Filling Up

On a winding road this side of South Mountain

which looms beside the less and less quiet valley,

we park the Jeep just past a roadside spring

that streams from a pipe fastened to a rock.

Such an insufficient description, I know,

but you don’t need to see it, just trust

that today as we lift empty plastic jugs from the back

and pop the caps to fill up on the free spring,

I’m stuck in time, or maybe just seemingly so

because nothing passes—not a car, a bike, or a breeze,

not a sound from the songbird likely stuck somewhere

deep in the somewhere trees erectly still on the mountain.

I’m bound by the thought of us here, somewhere

in the muck of life and all that’s falling

each day—each leaf, each dripping drop, each glimpse

of sunlight reflecting from the cascade of uncertain endings.

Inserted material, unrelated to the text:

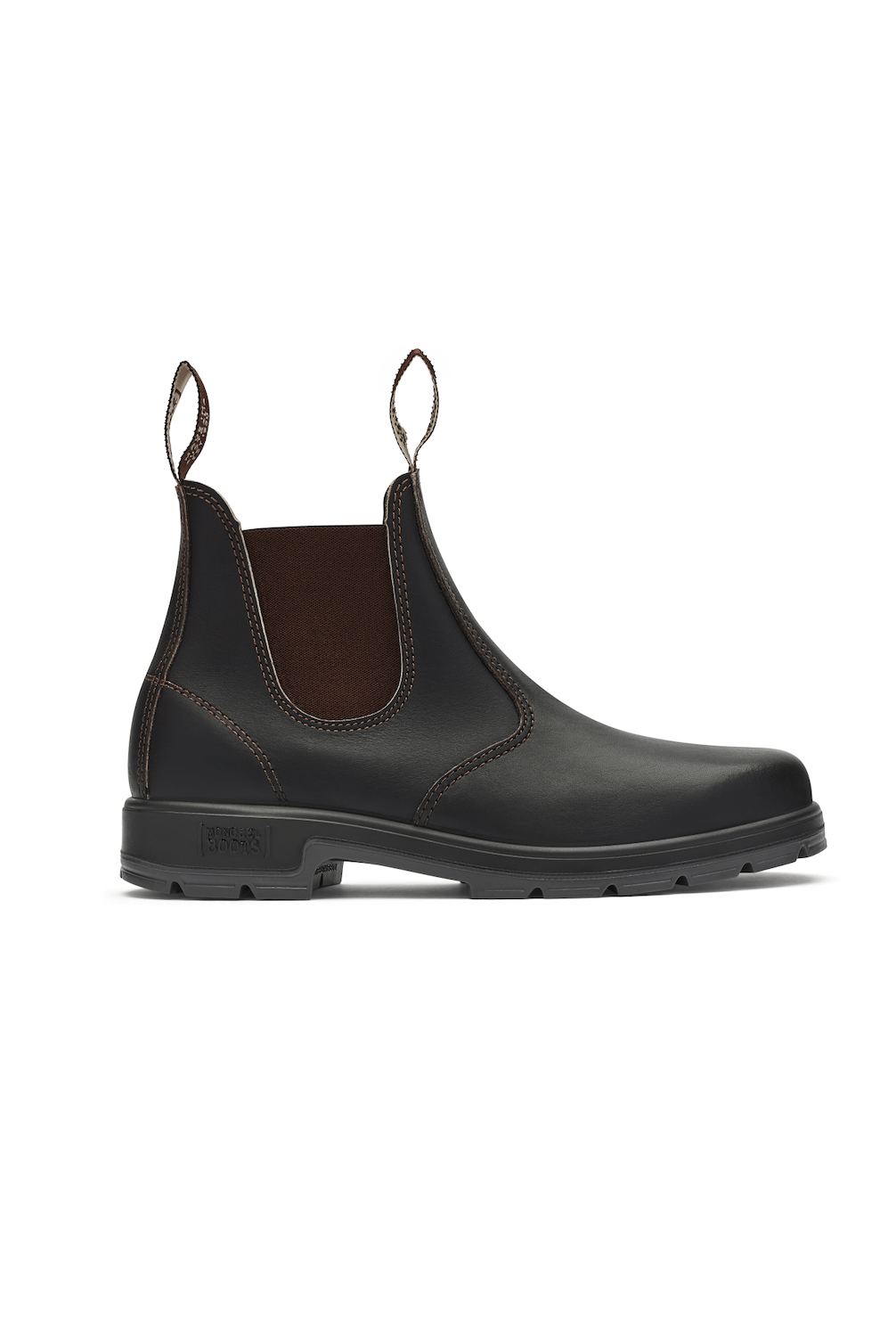 Mongrel K9 Dealer Boot – Brown (Non-Safety)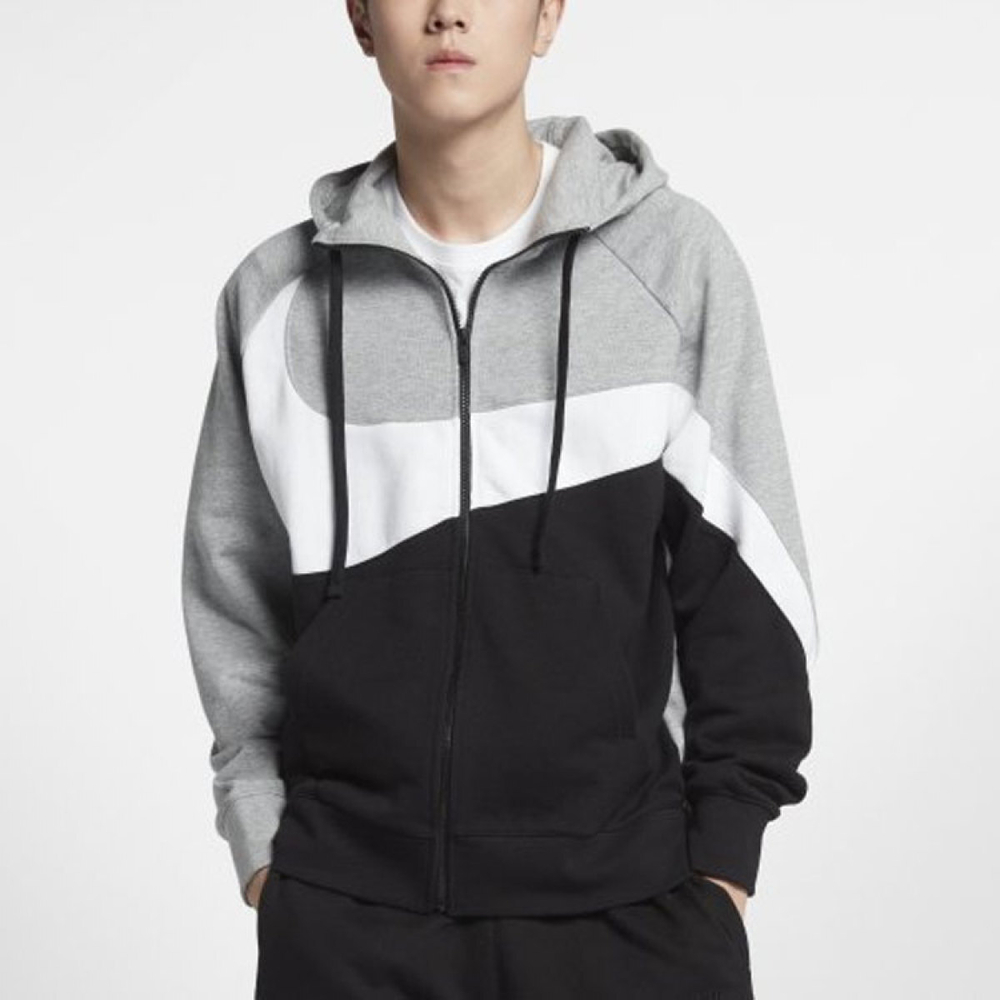 Толстовка Nike As M Nsw Hoodie Logo, AR3085-063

Someday I’ll ask where this went, where it fell or what it

fell into. But if I stay here, stuck, just one moment more,

I know I’ll find a way to slip this into my pocket,

zip us up, cap these jugs, preserve the roadside spring

that begs us to drink—drink from this leaky mountain,

as if we seek the answers or even know how to ask.

Wes Ward was born in Dover, Delaware, though roots tie him back to Chester County, Pennsylvania, where his dad was raised. Now a familiar stranger to Philadelphia, Wes lives a couple hours due West of Independence Hall and teaches high school English and college writing. He earned his Master’s of Arts in Writing from Johns Hopkins University.